The rules are straightforward: No more than 100 words on "I should win this home in Yachats because ... " Judged on content and originality by a three-person panel, the winner stands to turn a $200 investment into potentially a half-million-dollar gain.
Sinclair's situation reflects an increasingly desperate housing bust in Yachats, which has relied on cash-flush California buyers for years, buyers who are nowhere to be found now that their homes south of the border are also stuck with indelible "For Sale" signs.
The supply of home listings in Yachats is a whopping 27 months, triple that of Lane County's, said Tawfik Adhab, a real-estate appraiser and expert on the central coast housing market.
"A six-month supply is considered imbalanced. As the California markets have dried up, people who wanted to come to Yachats can no longer do so," Adhab said.
Few know that better than Sinclair, who lowered his asking price from $600,000 to the current $539,000 after a year and still didn't get any bites. At first, he pondered a raffle, or lottery. After getting some legal advice, however, Sinclair realized that option was out.
Gambling games of chance are illegal in Oregon, explained Kitty Telles, gaming registrar of the charitable activities section at the Oregon Department of Justice, with a few excepted parties: the Oregon Lottery Commission, the Oregon Racing Commission, tribal casinos, tax-exempt charities and social gaming permitted by local ordinances.
What Sinclair can do legally is a skill-based contest, however. He formed a nonprofit corporation, hired three judges and has spent $40,000 on attorneys and accountant fees to perfect the contest rules. If the hoped-for 3,000 entrants throw their names in the ring, he'll earn $600,000.
Sinclair and his wife, Sharon, decided two years ago to sell the sprawling one-story ranch house originally built as a one-room beach cabin in 1964. The couple spent $250,000 renovating the place after buying it for $173,000 in 1995. They loved the house's RV-sized garage, its fenced backyard, the hot tub on a wind-protected deck and the second deck, also wind-buffered, that leads from the upstairs bedroom to a glorious ocean view. But after a trip to the hospital gone awry in 2005, the couple couldn't keep up with their dream home anymore.

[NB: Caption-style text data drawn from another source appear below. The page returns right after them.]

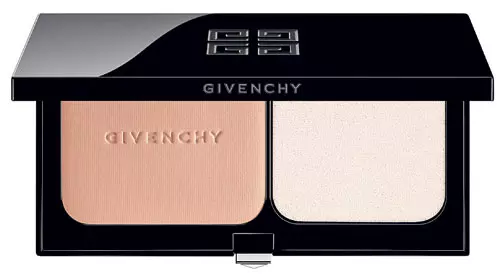 Fond de ten matifiant, Givenchy, Matissime Velvet Compact, 252 lei (Sephora)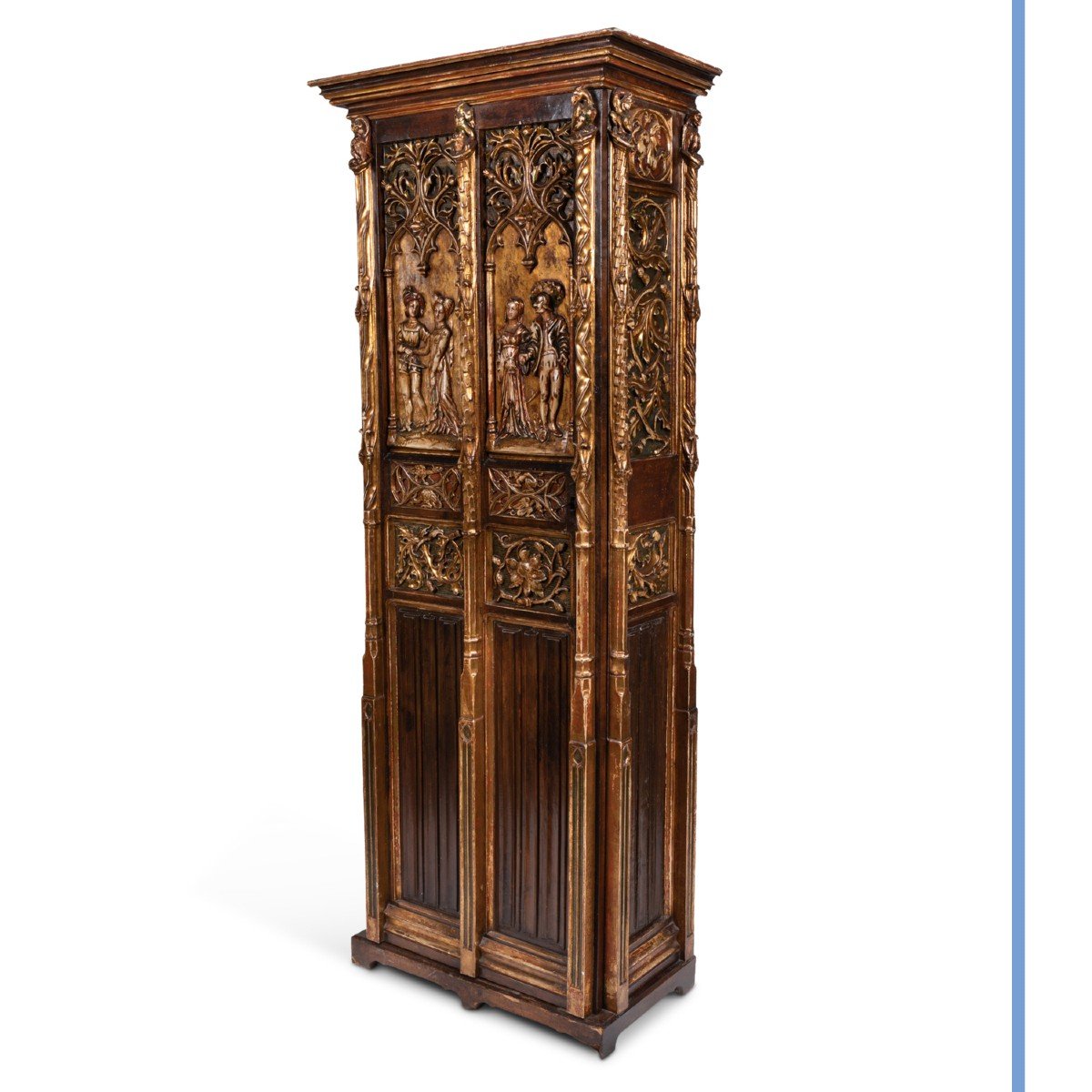 Armoire n&eacute;ogothique en bois richement sculpt&eacute;, laqu&eacute; polychrome et dor&eacute;, XIXe-photo-2
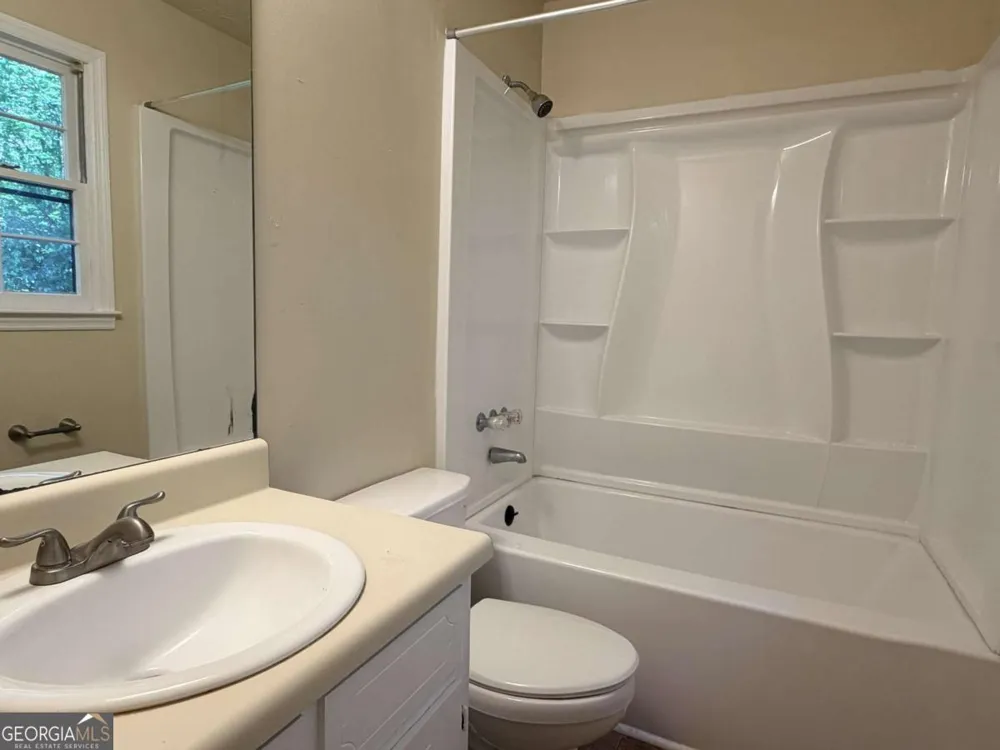 728 Burnt Creek DR NW Lilburn, GA 30047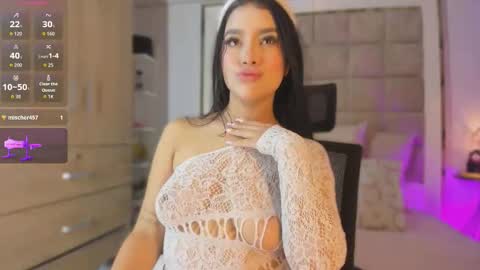 Snapshot of victoria_adaams1 chatting on 20, 10, 2025 Victoria valentina  online show from 20, 10, 2025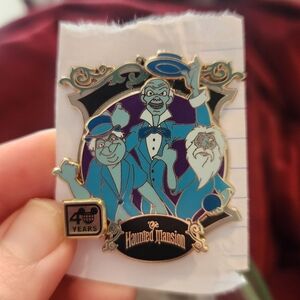 Disney Haunted Mansion 40th Anniversary Blue & Purple Hitchhiking Ghosts Pin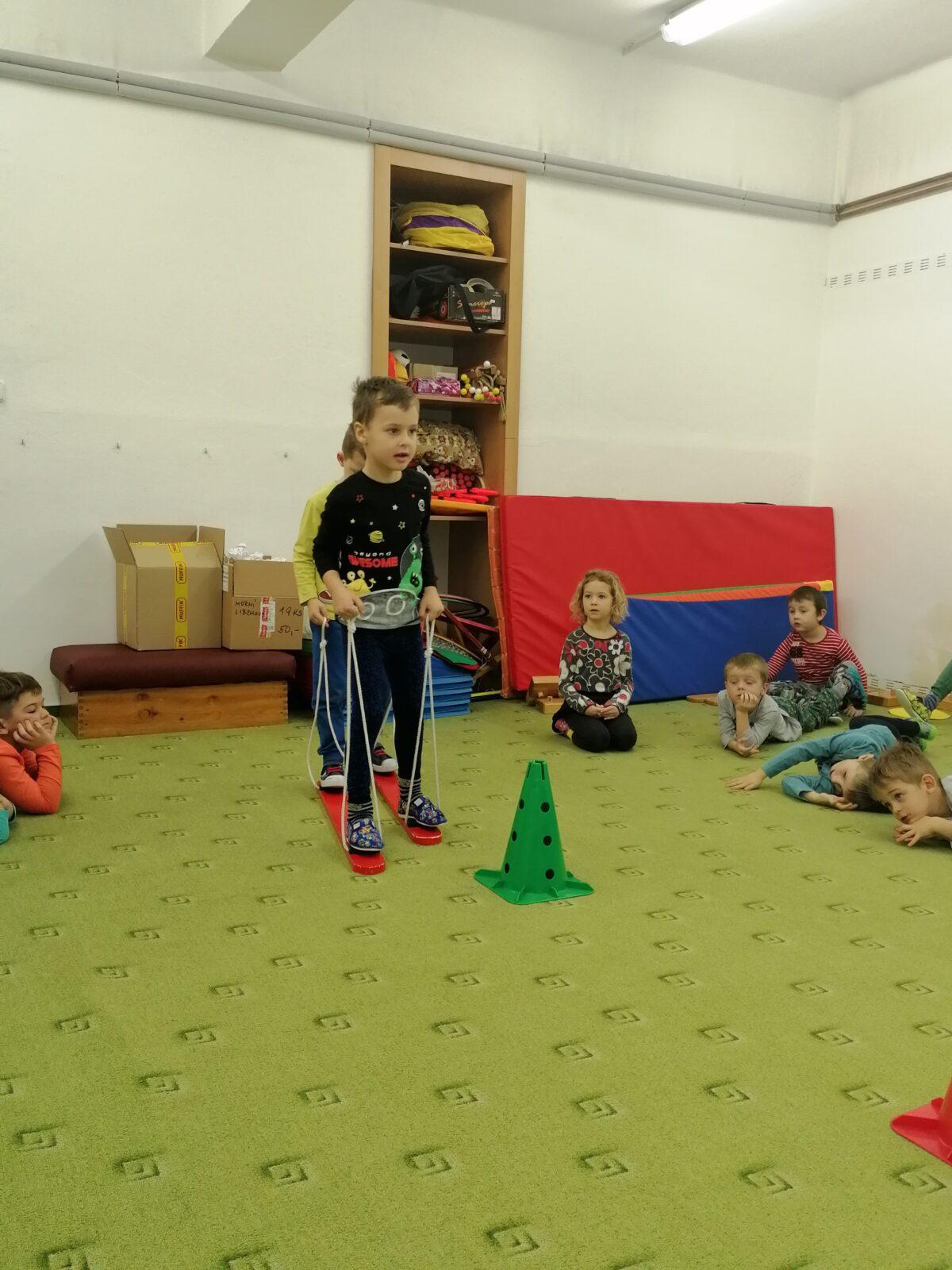 ZIMNÍ OLYMPIJSKÉ HRY V MŠ VI. (slalom na lyžích a "padák") - 33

Ray Sinclair wound up with a bacterial infection in his legs after having surgery to improve bad circulation in his legs. The infection was hard to pinpoint, causing him severe back pain and leading to 19 separate visits to emergency rooms. Doctors eventually figured out that the bacteria was devouring Sinclair's spine and vertebrae.
"I was 140 pounds and wearing my wife's clothes," he said. "They thought I was going to die."
He survived, but maintaining the house became too much for the Sinclairs to handle, so the couple bought a smaller home in Waldport and tried to sell the oceanfront place, to no avail.
Telles said she gets calls about once a month from desperate sellers such as the Sinclairs and their real-estate agents, wondering about their options. Those calls have increased in recent months as the nationwide housing market continues its free fall.
"It's getting to be more and more of an issue," Telles said.
She hasn't heard many success stories from essay contests.
"It can work, but I ask every one of them I send information to, 'If you make this work, please let me know,' " Telles said. "Nobody has ever come back and said 'Kitty, I did it.' "
Mostly, the feedback she gets is that the seller didn't create a high-enough entry fee or get enough entries to recoup the home's value.
Sinclair plans to extend the contest deadline by 30 days if he doesn't get enough entries, and there's language in the rules that reserves the right for him to scrap the plan altogether.